Alasan kedua; karena rasanya. Entah kenapa, buah-buahan di Bangkok ini rasanya lebih juicy. Contoh nih, nanas yang jamaknya berasa asam-asam manis di Jakarta, di sana kok manis segar.
Sebagai penggemar buah-buahan, kesempatan banget jajan buah selama di Bangkok. Harganya murah, potongannya gede-gede dan gak pernah dapetin buah yang "zonk". They all perfect!
Alasan terakhir; dijamin halal 😊
Aneka Buah Potong |
"Cooking and eating in a foreign country may be the surest, truest way to its soul"
Banana Egg Prata or Banana Egg Pancake (Roti Gluay)
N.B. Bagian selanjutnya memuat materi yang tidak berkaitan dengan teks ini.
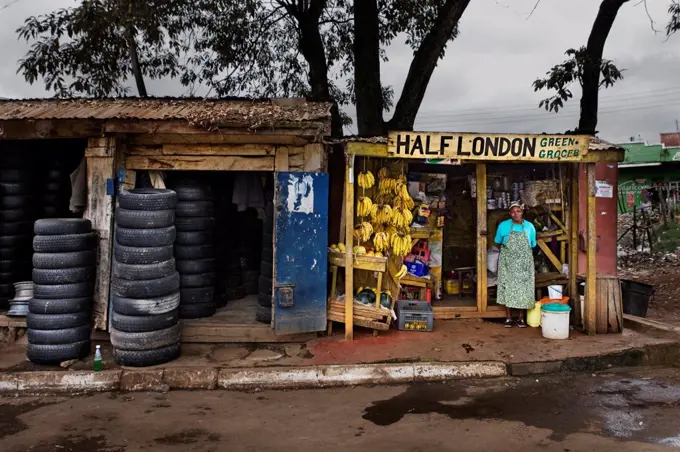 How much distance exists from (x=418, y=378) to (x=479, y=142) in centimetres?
348

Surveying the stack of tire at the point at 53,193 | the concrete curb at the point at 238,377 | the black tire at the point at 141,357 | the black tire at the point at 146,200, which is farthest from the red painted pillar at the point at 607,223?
the stack of tire at the point at 53,193

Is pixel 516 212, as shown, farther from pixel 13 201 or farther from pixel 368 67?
pixel 13 201

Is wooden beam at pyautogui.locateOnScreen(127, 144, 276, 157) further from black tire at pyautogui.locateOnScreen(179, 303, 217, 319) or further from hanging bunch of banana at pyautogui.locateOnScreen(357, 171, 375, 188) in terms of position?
black tire at pyautogui.locateOnScreen(179, 303, 217, 319)

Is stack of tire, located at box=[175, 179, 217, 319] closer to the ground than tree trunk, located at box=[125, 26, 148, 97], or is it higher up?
closer to the ground

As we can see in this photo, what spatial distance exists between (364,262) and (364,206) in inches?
35.3

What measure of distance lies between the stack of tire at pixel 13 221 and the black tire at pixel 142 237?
2648mm

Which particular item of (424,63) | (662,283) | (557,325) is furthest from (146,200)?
(662,283)

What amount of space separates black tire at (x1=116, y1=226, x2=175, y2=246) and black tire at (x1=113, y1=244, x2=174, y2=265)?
0.18 feet

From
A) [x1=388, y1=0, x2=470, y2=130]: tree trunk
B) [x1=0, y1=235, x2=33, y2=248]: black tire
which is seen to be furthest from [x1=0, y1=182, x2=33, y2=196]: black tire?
[x1=388, y1=0, x2=470, y2=130]: tree trunk

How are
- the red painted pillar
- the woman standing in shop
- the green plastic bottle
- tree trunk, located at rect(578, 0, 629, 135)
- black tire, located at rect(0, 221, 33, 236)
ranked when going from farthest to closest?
tree trunk, located at rect(578, 0, 629, 135), the red painted pillar, the woman standing in shop, black tire, located at rect(0, 221, 33, 236), the green plastic bottle

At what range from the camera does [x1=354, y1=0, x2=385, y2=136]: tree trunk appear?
12.4m

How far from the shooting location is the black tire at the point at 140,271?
6.73 meters

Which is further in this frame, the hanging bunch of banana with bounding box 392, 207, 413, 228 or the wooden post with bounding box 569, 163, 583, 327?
the wooden post with bounding box 569, 163, 583, 327

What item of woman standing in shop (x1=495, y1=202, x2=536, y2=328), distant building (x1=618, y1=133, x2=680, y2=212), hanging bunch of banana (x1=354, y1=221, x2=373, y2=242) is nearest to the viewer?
hanging bunch of banana (x1=354, y1=221, x2=373, y2=242)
Penjual sea food kaki lima yang ramah |
Aneka fresh sea food |
Sama seperti di Jakarta, mereka pun menggelar dagangannya di trotoar. Bedanya, kehadiran si food stall tidak menutupi ruas trotoar sehingga pejalan kaki masih dapat bebas melintas. Gerobak dagangan dan meja diatur memanjang bersisian. Hebatnya lagi, no sampah dan tidak bau. They look clean.
Bisa jadi hal tersebut membuat pengunjung nyaman hingga tak sedikit orang bule -yang setahu saya sangat picky dalam hal makanan (maksudnya makan di pinggir jalan)- berbaur dalam kelompok penikmat Bangkok street food.
Karena mereka hanya menjual makanan saja, minumannya kami beli terpisah di mini market. Dan ini jamak di Bangkok. Jadi jika ingin bertualang rasa di pinggir jalan Bangkok, pastikan bawa minum sendiri. Minimal air mineral. Inget, ngga sedia air teh, ya! 😂
Kho Niao Mamuang or Sticky Mango Rice alias Nasi Ketan Siram Kuah Santan pakai potongan mangga |
(Ki) Daun Kemanginya gede banget! - (Ka) Makanan di atas meja persembahan |
Papaya Salad
Maaf yang ini ngga ada gambarnya karena gak sempet kepotret.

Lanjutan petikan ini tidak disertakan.